UNLESS AND UNTIL IT IS EXCHANGED IN WHOLE OR IN
PART FOR NOTES IN DEFINITIVE FORM, THIS NOTE MAY NOT BE
TRANSFERRED EXCEPT AS A WHOLE BY THE DEPOSITARY TO A NOMINEE OF THE
DEPOSITARY OR BY A NOMINEE OF THE DEPOSITARY TO THE DEPOSITARY OR
ANOTHER NOMINEE OF THE DEPOSITARY OR BY THE DEPOSITARY OR ANY SUCH
NOMINEE TO A SUCCESSOR DEPOSITARY OR A NOMINEE OF SUCH SUCCESSOR
DEPOSITARY. UNLESS THIS CERTIFICATE IS PRESENTED BY AN
AUTHORIZED REPRESENTATIVE OF THE DEPOSITORY TRUST COMPANY (55 WATER
STREET, NEW YORK, NEW YORK) (“DTC”), TO THE ISSUERS OR
THEIR AGENT FOR REGISTRATION OF TRANSFER, EXCHANGE OR PAYMENT, AND
ANY CERTIFICATE ISSUED IS REGISTERED IN THE NAME OF CEDE &
CO. OR SUCH OTHER NAME AS MAY BE REQUESTED BY AN AUTHORIZED
REPRESENTATIVE OF DTC (AND ANY PAYMENT IS MADE TO CEDE &
CO. OR SUCH OTHER ENTITY AS MAY BE REQUESTED BY AN AUTHORIZED
REPRESENTATIVE OF DTC), ANY TRANSFER, PLEDGE OR OTHER USE HEREOF
FOR VALUE OR OTHERWISE BY OR TO ANY PERSON IS WRONGFUL INASMUCH AS
THE REGISTERED OWNER HEREOF, CEDE & CO., HAS AN INTEREST
HEREIN.”
(3)
Regulation S
Temporary Global Note Legend.

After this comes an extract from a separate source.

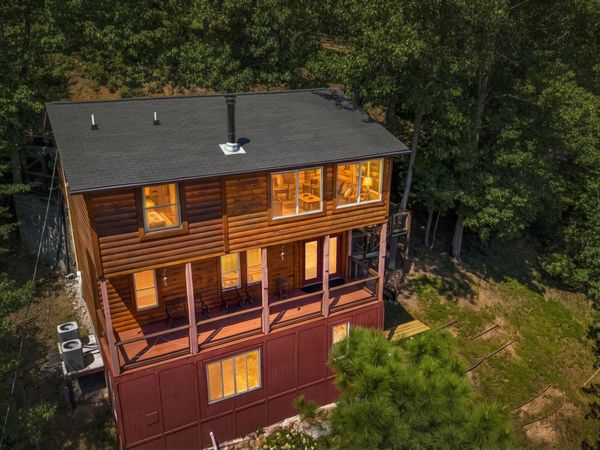 3307 Chinquapin Drive, Sevierville, TN 37876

The Regulation S
Temporary Global Note will bear a Legend in substantially the
following form:
“THE RIGHTS ATTACHING TO THIS REGULATION S
TEMPORARY GLOBAL NOTE, AND THE CONDITIONS AND PROCEDURES GOVERNING
ITS EXCHANGE FOR CERTIFICATED NOTES, ARE AS SPECIFIED IN THE
INDENTURE (AS DEFINED HEREIN). NEITHER THE HOLDER NOR THE
BENEFICIAL OWNERS OF THIS REGULATION S TEMPORARY GLOBAL NOTE SHALL
BE ENTITLED TO RECEIVE PAYMENT OF INTEREST
HEREON.”
(4)
Tax
Legend . With respect to any
Additional Notes issued with original issue discount for U.S.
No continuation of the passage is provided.